## Data provided:
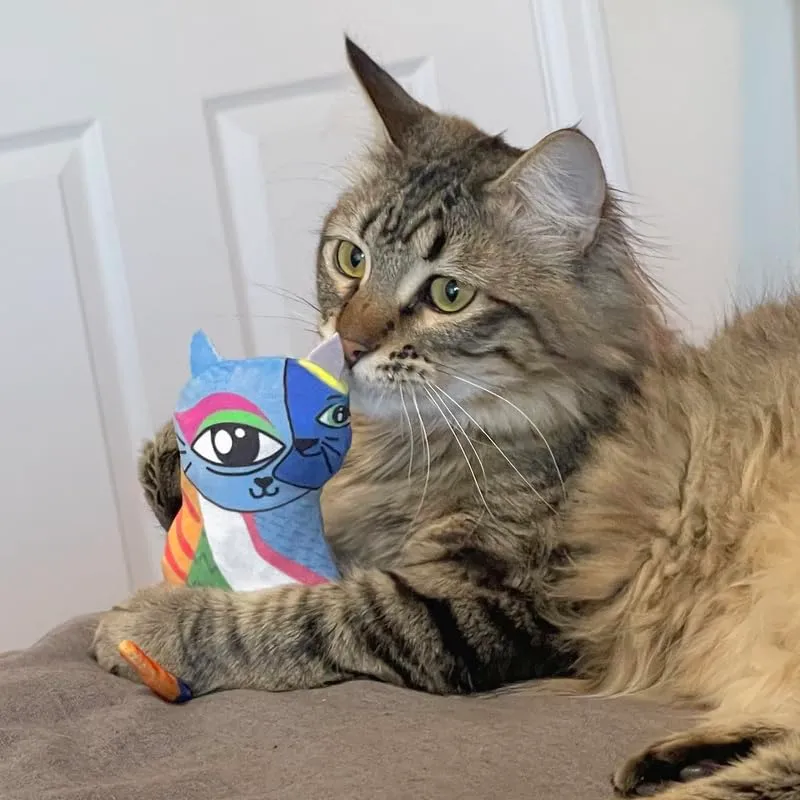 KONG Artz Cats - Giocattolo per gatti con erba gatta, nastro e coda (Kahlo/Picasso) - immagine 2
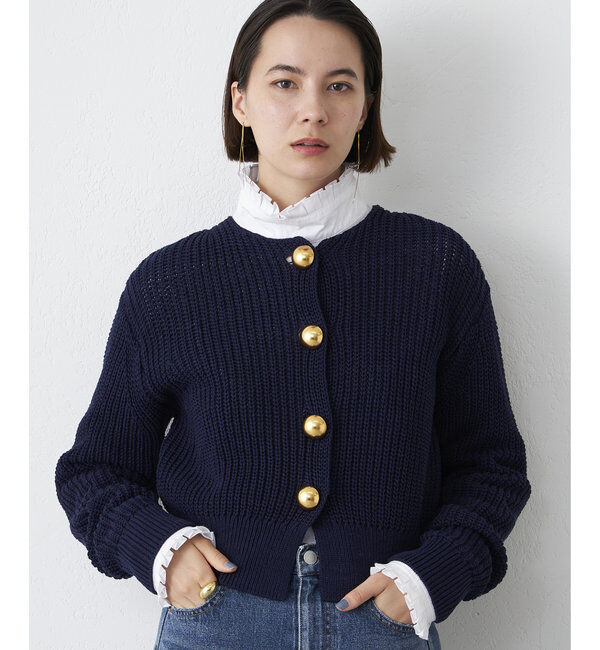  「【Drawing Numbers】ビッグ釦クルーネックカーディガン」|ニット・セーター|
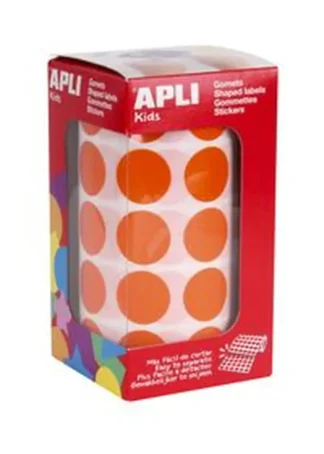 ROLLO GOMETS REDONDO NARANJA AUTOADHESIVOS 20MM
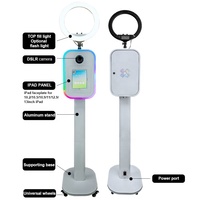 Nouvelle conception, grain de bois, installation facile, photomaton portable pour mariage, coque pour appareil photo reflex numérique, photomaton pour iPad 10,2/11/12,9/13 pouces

## Task:
Your reply should consist of the data, transcribed exactly, and should hold no pictures.

## Task output:
 KONG Artz Cats - Giocattolo per gatti con erba gatta, nastro e coda (Kahlo/Picasso) - immagine 2
  「【Drawing Numbers】ビッグ釦クルーネックカーディガン」|ニット・セーター|
 ROLLO GOMETS REDONDO NARANJA AUTOADHESIVOS 20MM
 Nouvelle conception, grain de bois, installation facile, photomaton portable pour mariage, coque pour appareil photo reflex numérique, photomaton pour iPad 10,2/11/12,9/13 pouces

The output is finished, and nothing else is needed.